* [What to do] Only the lines below from the one with "4 Pack Christmas Window Silhouette Lights" through the one with "Tommy Hilfiger Men's" are to be written out, exactly and without any images.

START Data for analysis

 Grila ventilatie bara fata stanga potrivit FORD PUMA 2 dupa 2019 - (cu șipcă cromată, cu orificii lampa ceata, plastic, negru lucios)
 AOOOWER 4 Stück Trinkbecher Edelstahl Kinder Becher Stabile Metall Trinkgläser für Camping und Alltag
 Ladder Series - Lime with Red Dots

END Data for analysis
START Data for analysis

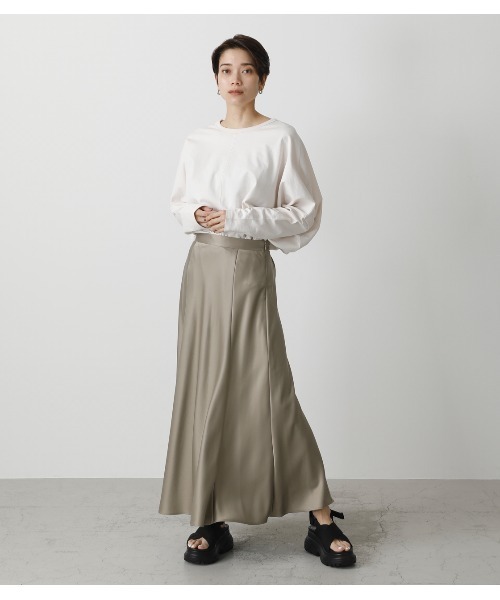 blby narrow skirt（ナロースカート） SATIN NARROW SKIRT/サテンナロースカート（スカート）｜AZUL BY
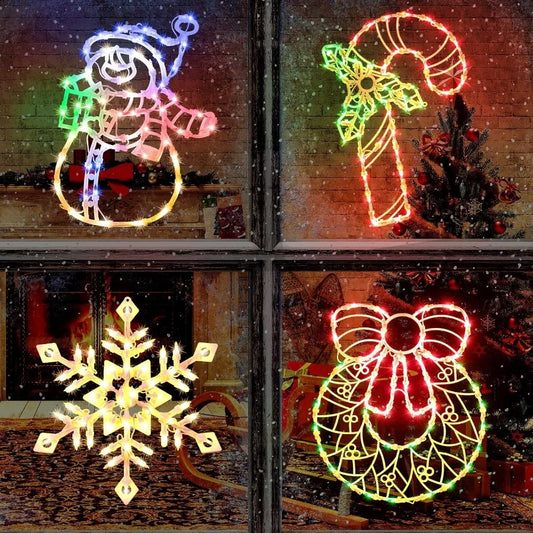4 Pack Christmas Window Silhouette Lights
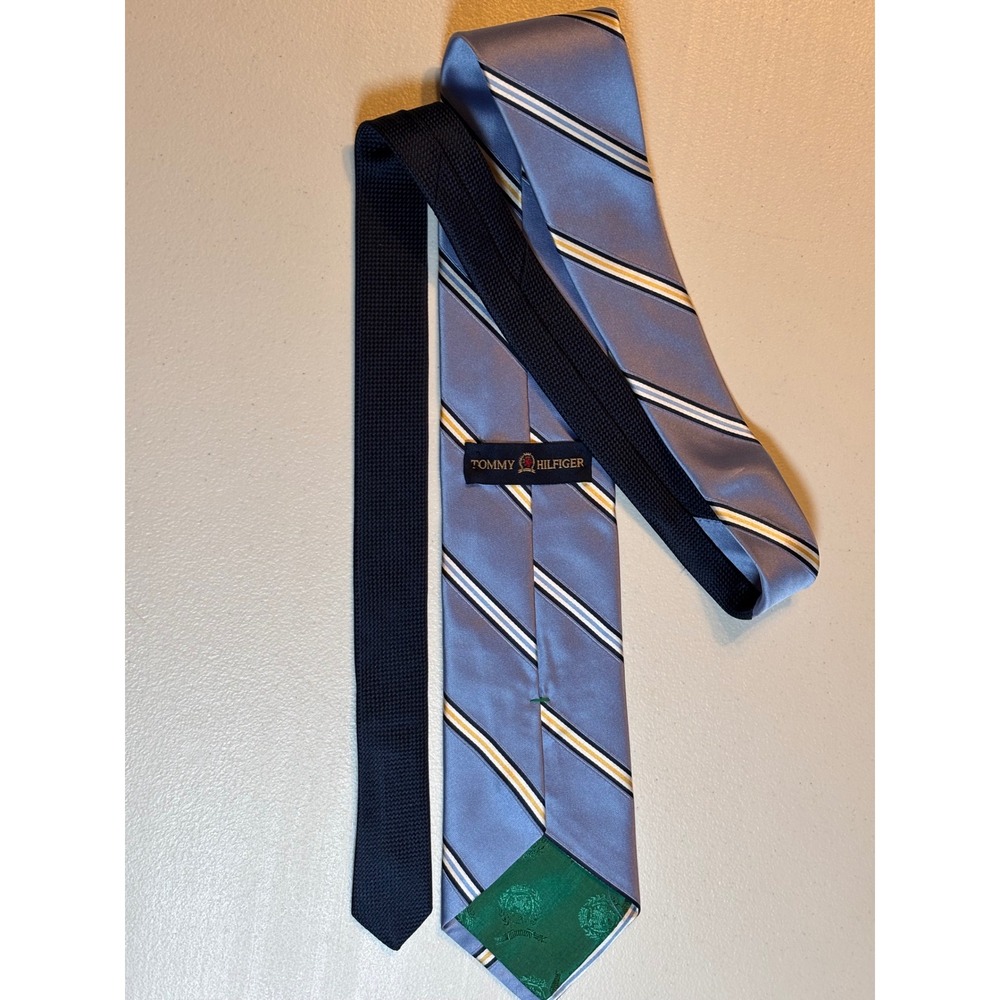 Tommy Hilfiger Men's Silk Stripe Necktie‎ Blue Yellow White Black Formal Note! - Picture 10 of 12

END Data for analysis

* [Output of the exercise]
4 Pack Christmas Window Silhouette Lights
 Tommy Hilfiger Men's Silk Stripe Necktie‎ Blue Yellow White Black Formal Note! - Picture 10 of 12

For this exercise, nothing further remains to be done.